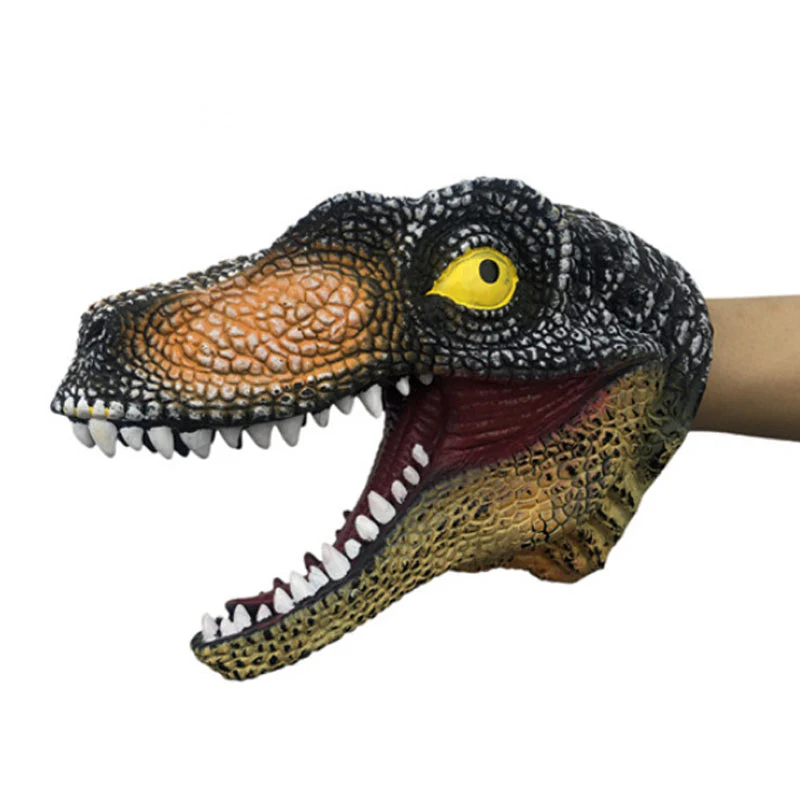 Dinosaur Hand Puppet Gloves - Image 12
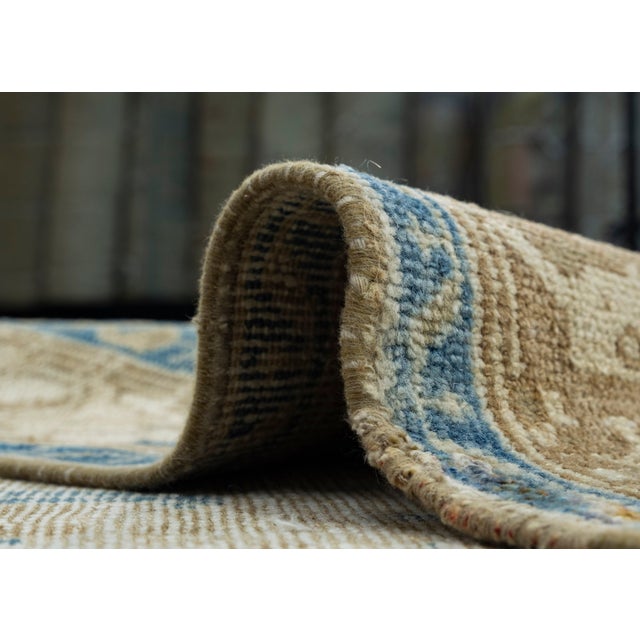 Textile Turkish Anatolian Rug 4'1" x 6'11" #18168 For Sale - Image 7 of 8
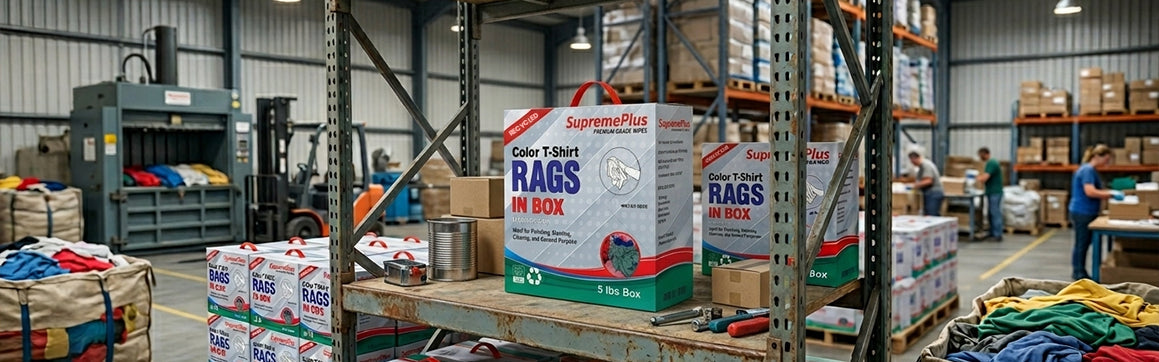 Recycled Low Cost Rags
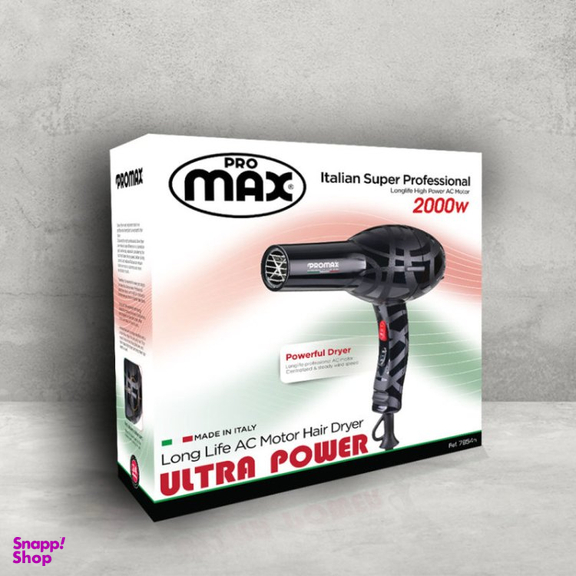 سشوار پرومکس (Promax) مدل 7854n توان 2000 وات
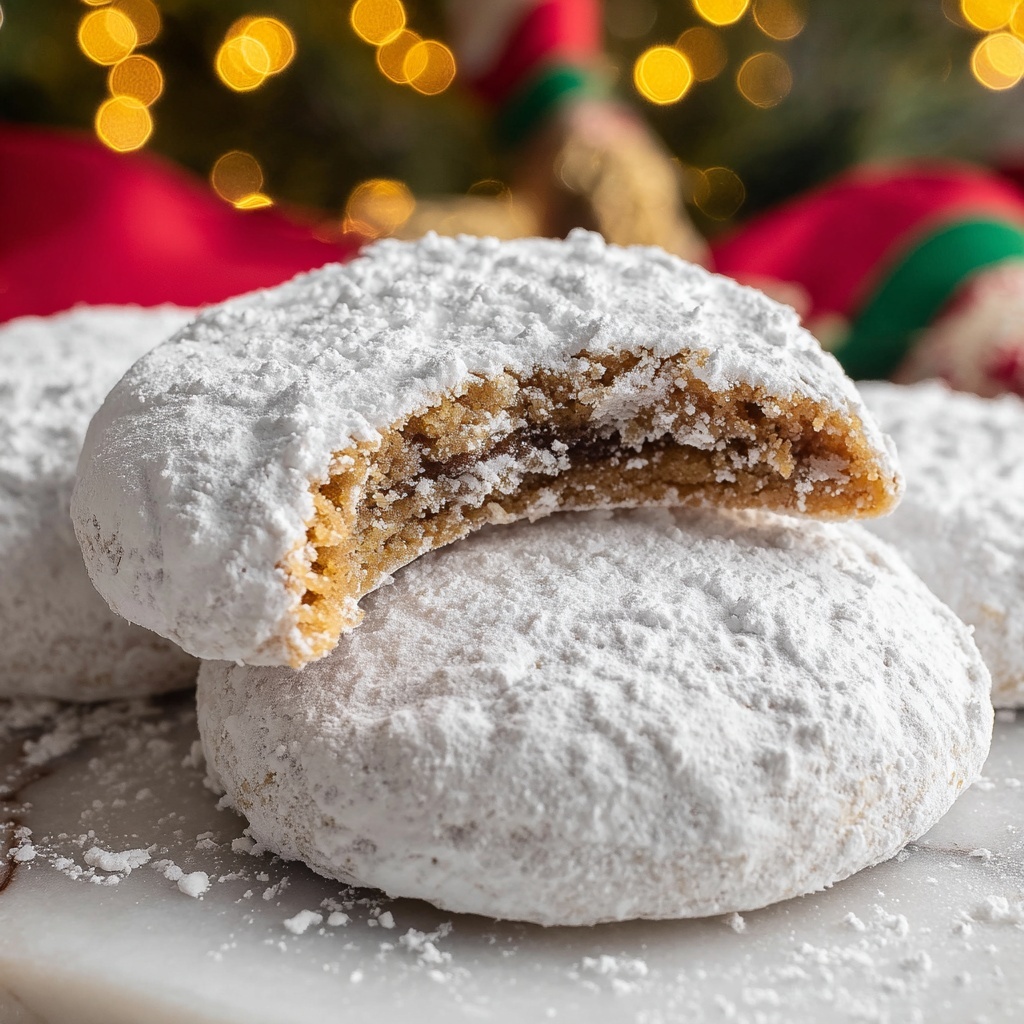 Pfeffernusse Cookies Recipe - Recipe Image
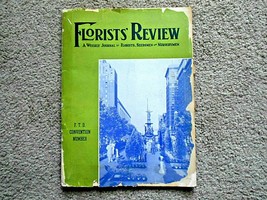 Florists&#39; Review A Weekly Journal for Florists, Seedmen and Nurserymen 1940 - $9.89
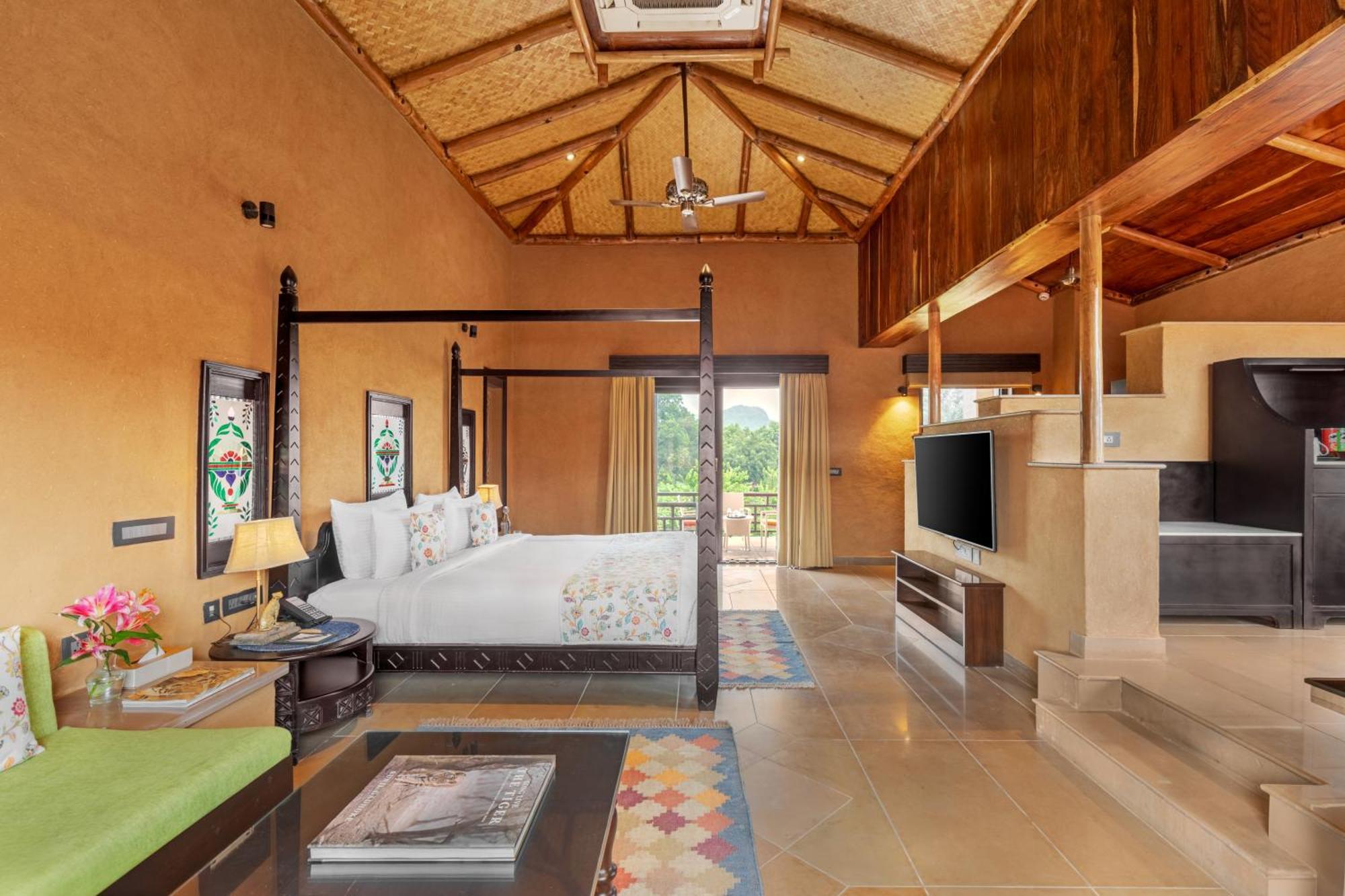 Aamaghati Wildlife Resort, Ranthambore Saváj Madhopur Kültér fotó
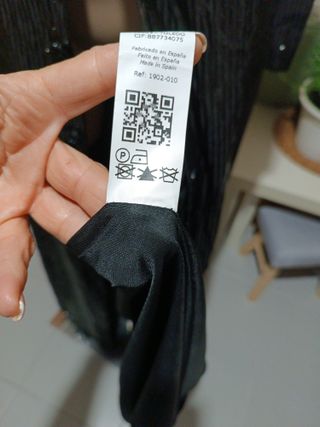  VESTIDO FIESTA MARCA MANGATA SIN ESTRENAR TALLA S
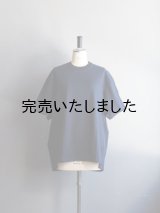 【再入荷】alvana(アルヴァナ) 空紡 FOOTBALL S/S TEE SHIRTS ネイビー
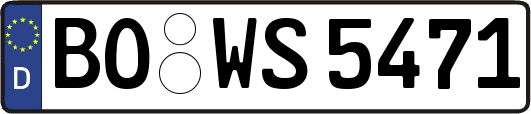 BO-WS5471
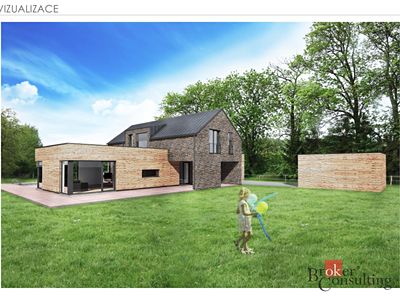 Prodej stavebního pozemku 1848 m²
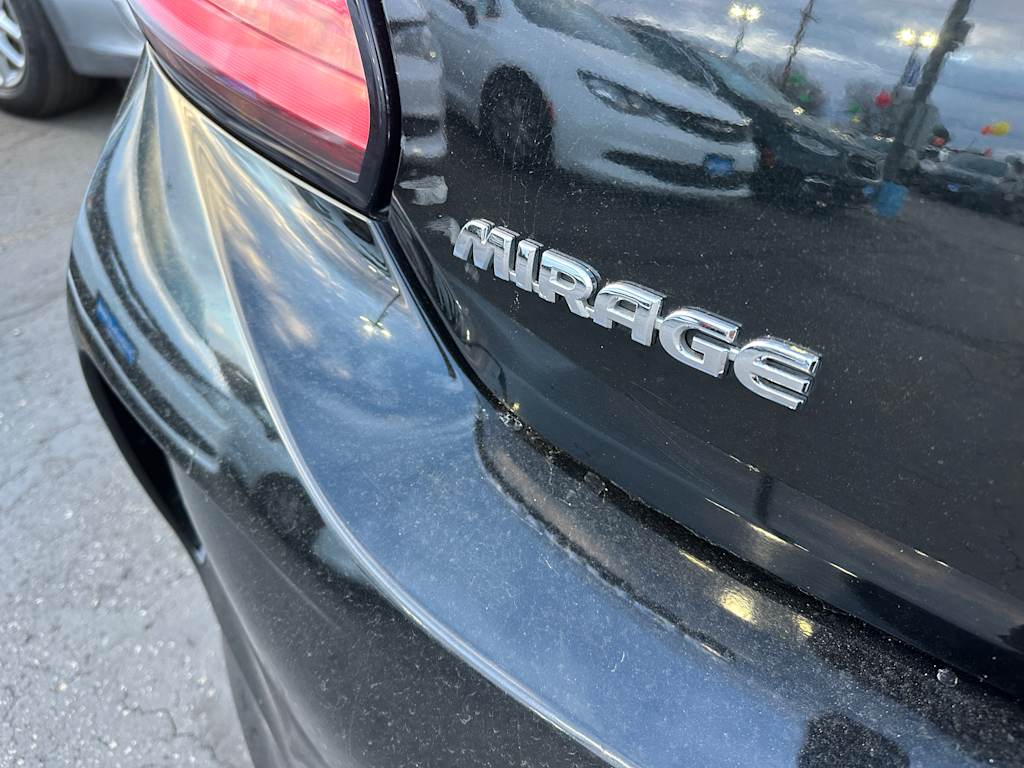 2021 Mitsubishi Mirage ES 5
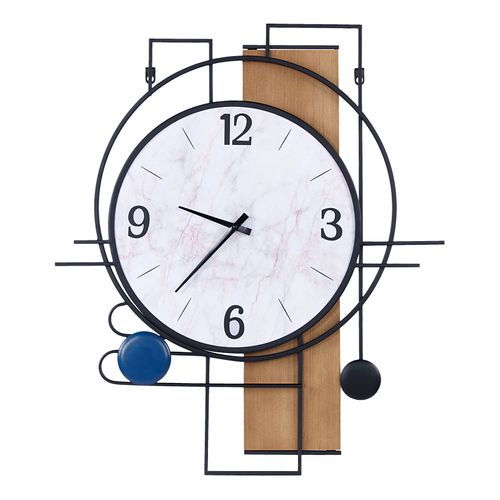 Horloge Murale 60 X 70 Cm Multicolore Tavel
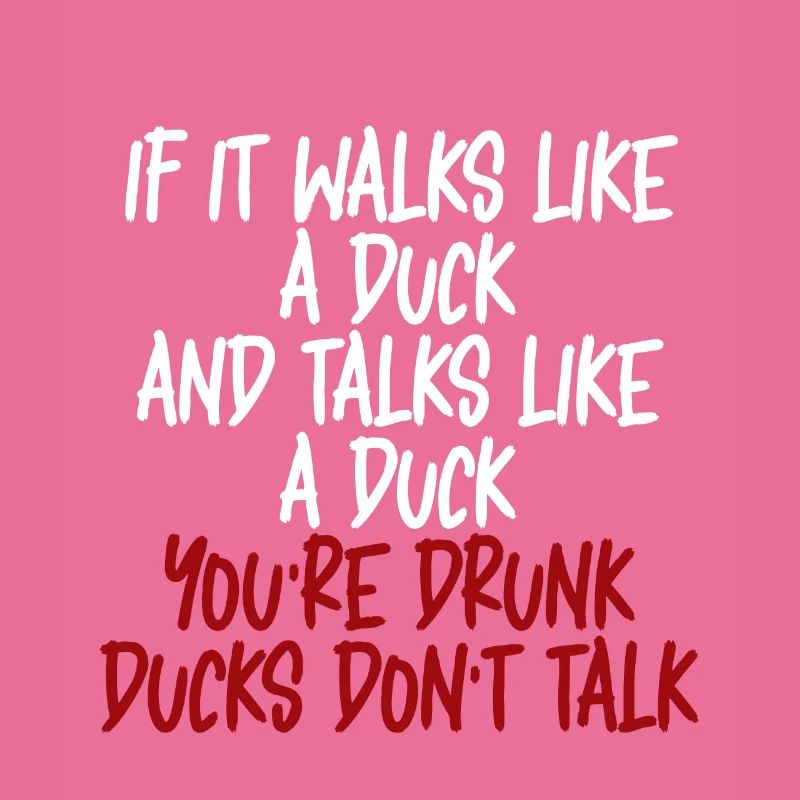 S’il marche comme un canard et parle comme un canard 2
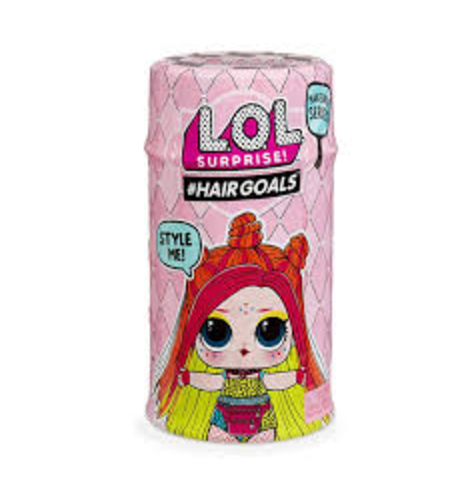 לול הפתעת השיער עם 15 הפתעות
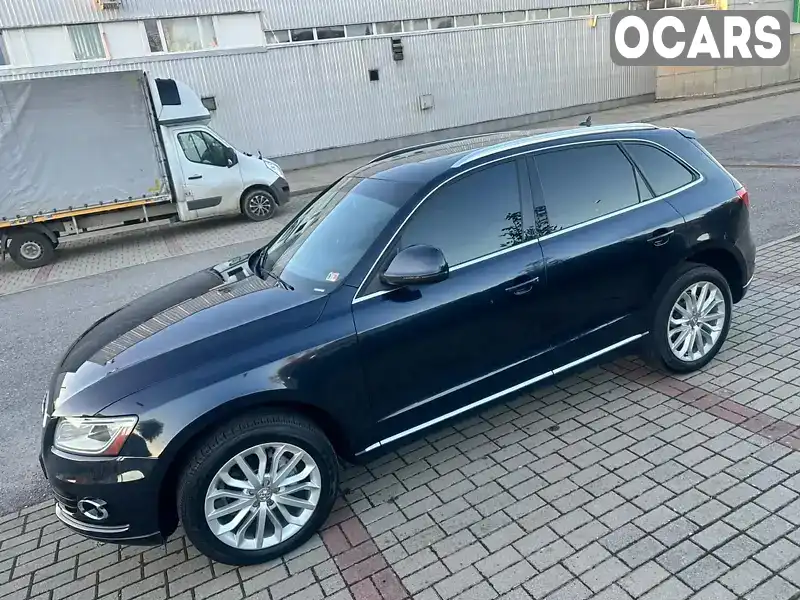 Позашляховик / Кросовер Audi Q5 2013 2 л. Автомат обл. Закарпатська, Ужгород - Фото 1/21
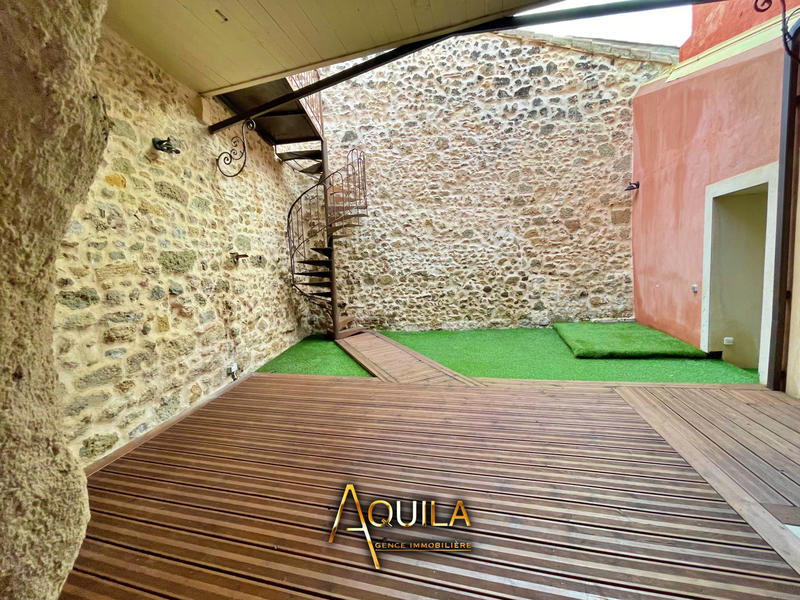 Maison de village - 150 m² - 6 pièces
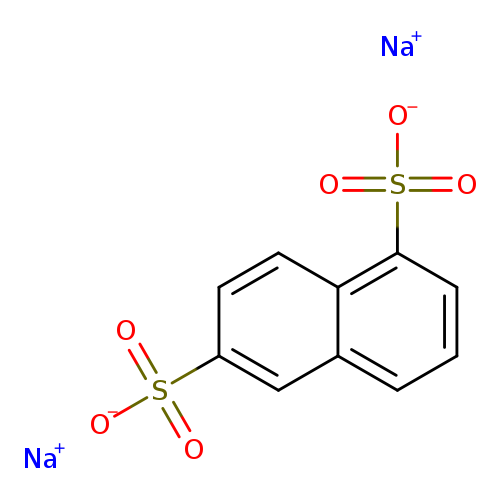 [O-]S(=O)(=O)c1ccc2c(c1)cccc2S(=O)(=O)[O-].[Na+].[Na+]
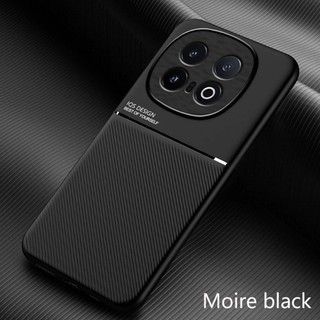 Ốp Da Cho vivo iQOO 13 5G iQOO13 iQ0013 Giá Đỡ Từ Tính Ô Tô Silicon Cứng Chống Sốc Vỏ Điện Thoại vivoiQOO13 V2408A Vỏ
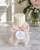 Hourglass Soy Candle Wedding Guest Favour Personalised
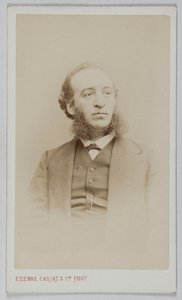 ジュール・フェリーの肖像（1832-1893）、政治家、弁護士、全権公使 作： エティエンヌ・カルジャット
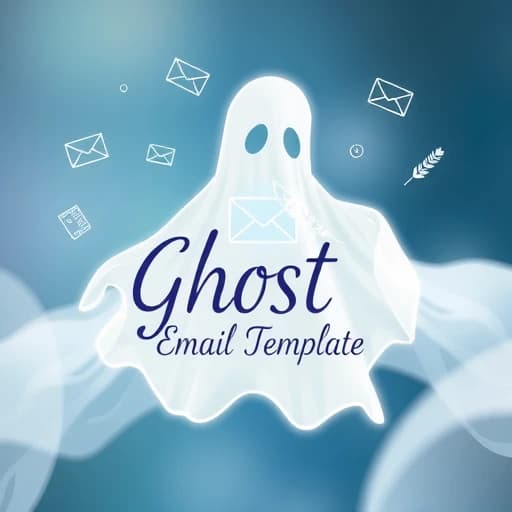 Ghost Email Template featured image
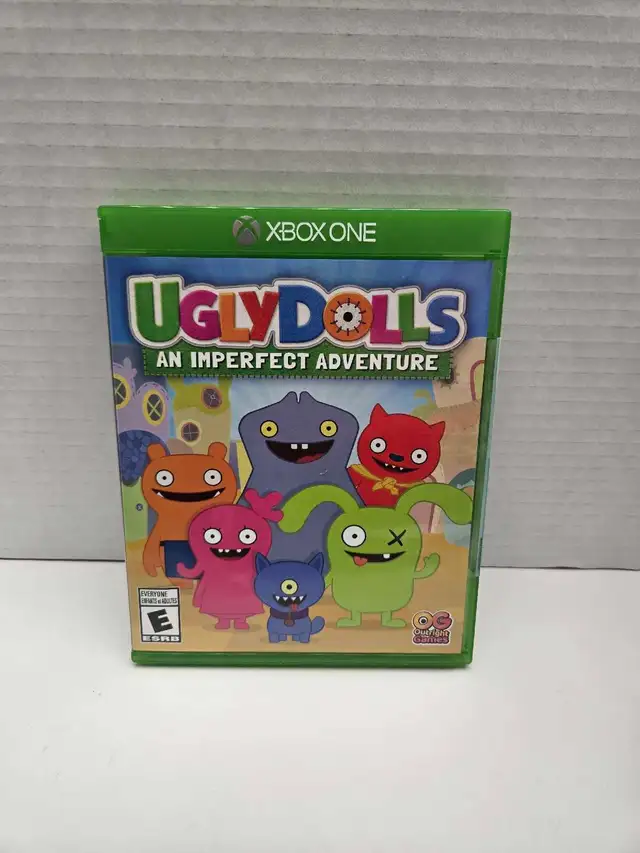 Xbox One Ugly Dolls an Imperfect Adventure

# # # # # # #

Output exactly, and with no pictures, the lines from the line that holds "Ghost Email Template featured image" through the last line of the listing above.

### RESPONSE AREA:
 Ghost Email Template featured image
 Xbox One Ugly Dolls an Imperfect Adventure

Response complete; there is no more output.